After a night in the comfy Nichols Hut I had a cloudy morning which meant that I started off on the wrong ridge from Mt Nichols and I worked out I was headed for Park Forks, where the Park River joins the Waiohine (mainly because the track was dropping away too quickly, and it wasn’t a track) so I retraced my steps and the cloud had lifted. I was an hour away from the hut, stuffed-as, and yet I could see I was only 100 metres or so above it. How I missed the track heading in the right direction I don’t know. The forest on the correct ridge was magical. It was a nothofagus forest, covered in moss. I’d recommend this bit of the walk along the Dracophyllum Ridge to anyone, but it is two days hard walk to either end of it, so it will be a seldom visited pleasure.
The forests are largely silent, apart from the odd rifleman, tomtit and tui. I found this little fella on a mossy log. He wasn’t moving, and he was dead. Going by his antennae he was rather cross about it.
The sign said 2 hrs between the huts, but with my little, useless detour and my general plodding it took well over 4 hours. It was probably the loveliest bit of the trip, but still hard work with two small peaks to get over before getting up to the biv. The photo below shows the track on a relatively flat bit.

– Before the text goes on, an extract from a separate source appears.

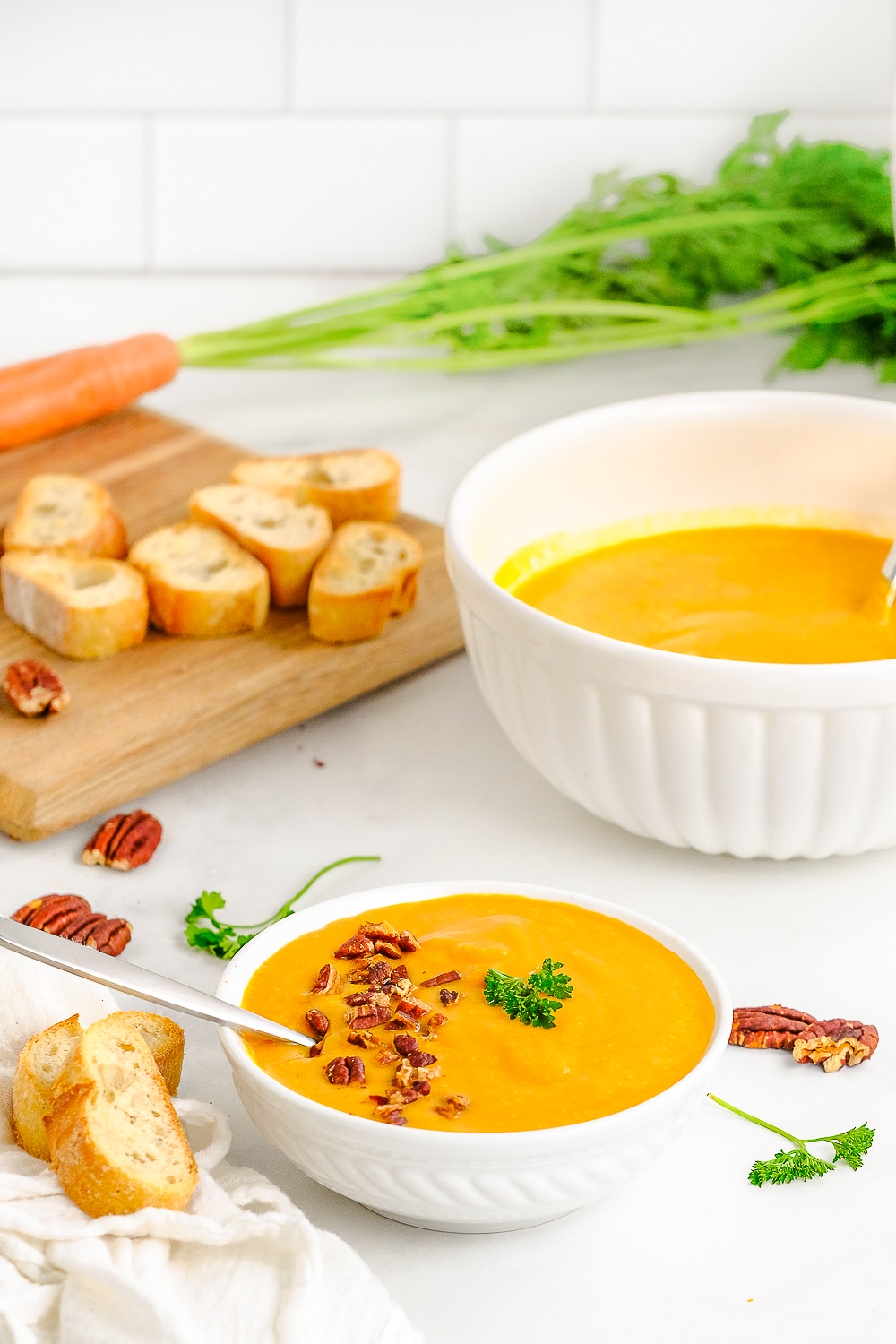 far away image of carrot soup in bowl with bread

After Dracophyllum the track emerges from the forest, goes up and down a few small mounts like Butchers Knob and heads to Pukematawai, the line of the track can be seen following the ridge to Pukematawai at the back of the photo below (with Mt Dundas further on)
I try to not step on any of the plants in the alpine zone, and especially not the cushion plants. I find them amazing.
After reaching Pukematawai (300 metres of vertical doesn’t seem too much after yesterday’s 1100 metres) the trail follows down an adjacent ridge. (I didn’t have the energy to get to the summit). I could see Te Matawai Hut 500 metres below. I made it down only 10 hours after leaving Nichols Hut. That was a huge demanding day.
Day 4 saw me heading over the Dora Track and down the Gable End Ridge, which is not the Te Araroa Trail, which is routed through Waiopehu Hut and the Waiopehu Ridge. Gable End Ridge is about 2 hours quicker. It is almost a kilometre of vertical down. Again it was a hard slog, with occasional views over the Horowhenua. Getting off the endless downhill to the flat at the confluence of the Ohau and Blackwater Stream was heavenly. Then it was just an hour out.
According to the DOC times on the back of my map Otaki Forks to Poads Road is 22 hours. I did it in 32 hours. I found it pretty damn hard. It was long. It was up and down. Most of the track was rough as guts.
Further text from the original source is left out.